In RStudio, we can change the look and the configuration settings, including the looks. To check the available options, click on Tools -> Global Options. Click on the option Appearance, for example, and select a darker editor theme (this is just a personal preference).

However, there is one change in Global Options that is highly recommended. In the option General, we should make the following changes:

  • Set Save workspace to .RData on exit to Never

  • Uncheck the Restore .RData into workspace at start

This change makes sense because, by default, R saves all objects we create. If we keep these options active, R exports this history in a file that is called .RData. Although it is not evident immediately, doing so may lead to confusion, as there is no reason to store the actual objects for our next R session - if needed, these will be loaded (or created) at the time we need them. Typically, we are only interested on preserving our scripts and we have already discussed how to save and retrieve them.

1.7 R Packages

When we install R and RStudio, it is possible to start using it immediately. There are many functions readily available, such as the ifelse() function. For instance, typing the following code, we will get respective results:

We will explain the ifelse() function later in this book, no need to explain here what exactly it does; this was just an example to get a better understanding regarding the use of R.
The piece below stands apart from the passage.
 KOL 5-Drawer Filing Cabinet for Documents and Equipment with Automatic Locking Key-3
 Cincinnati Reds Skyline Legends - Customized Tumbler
The standard functionality that comes with the installation of R is usually called base R. As we mentioned, R is a free and open-source programming language, which means there are many developers who have created their own contributions, or packages (and we can create our own as well!). In R, packages are collections of specialized tools and functions that extend its capabilities, allowing the researcher or analyst to perform a wide range of tasks, from data analysis and visualization to implementing specialized statistical techniques, machine learning, and more.
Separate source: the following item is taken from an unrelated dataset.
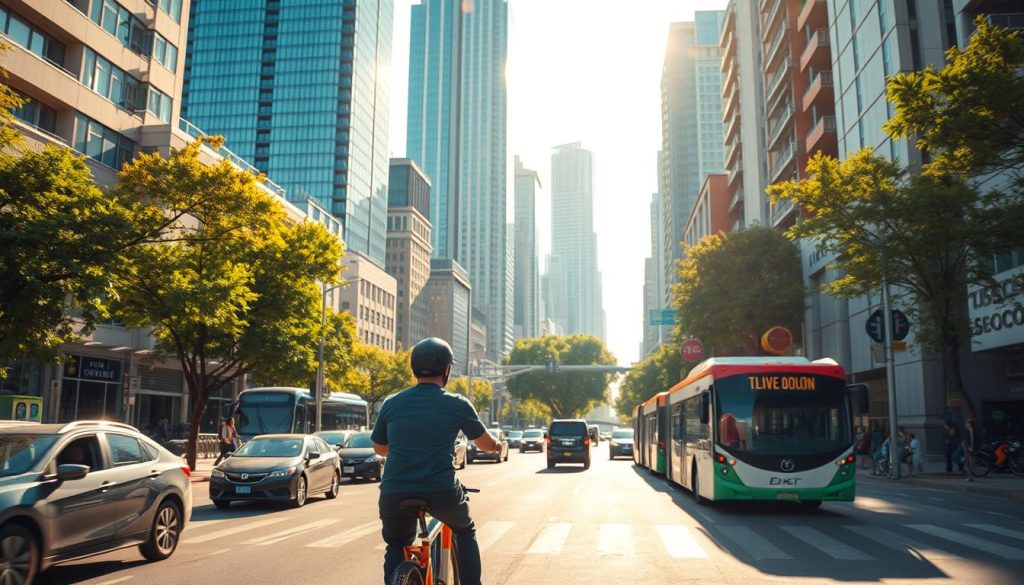 E-bike commuting in urban environment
When we install R, the package stats comes along with the installation. However, one of the packages that we will use throughout this book is the dplyr package. To install this package and, by extension, any other package, we can simply use the function install.packages() and type in the parentheses the name of the package in single (’’) or double (““) quotes:

# Install the dplyr package 
install.packages("dplyr")

After clicking Run, we see on the console that our package is installed successfully. However, we cannot start using this package immediately. Installing means that this package exists in our computer as a file or set of files but we have not “called” it yet for use in our script. After all, we may not want to use all of our installed packages on every script. To be able to use an installed package in the current R session, we need to use the function library(), with the name of the package inside the parentheses (we can still use single or double quotes but it is not necessary in this case):

# Load the dplyr package 
library(dplyr)

Regarding this specific package, we will see in later chapters what exactly it can do and why we need it. For now, it is sufficient to briefly understand what a package is, why it is needed, how we can install one and how we can call it for use in our scripts.

We can see all the packages installed in our computer by using the following function:

# Print the installed packages 
installed.packages()

Lastly, by using the functions we mentioned, we observed another very useful feature of RStudio: when we type the first letters of a function, such as ‘insta’, RStudio automatically gives us possible options that we can choose with our mouse (or keyboard arrows):

In this way, even if we do not quite remember the full name of a function, we can benefit from this useful RStudio feature.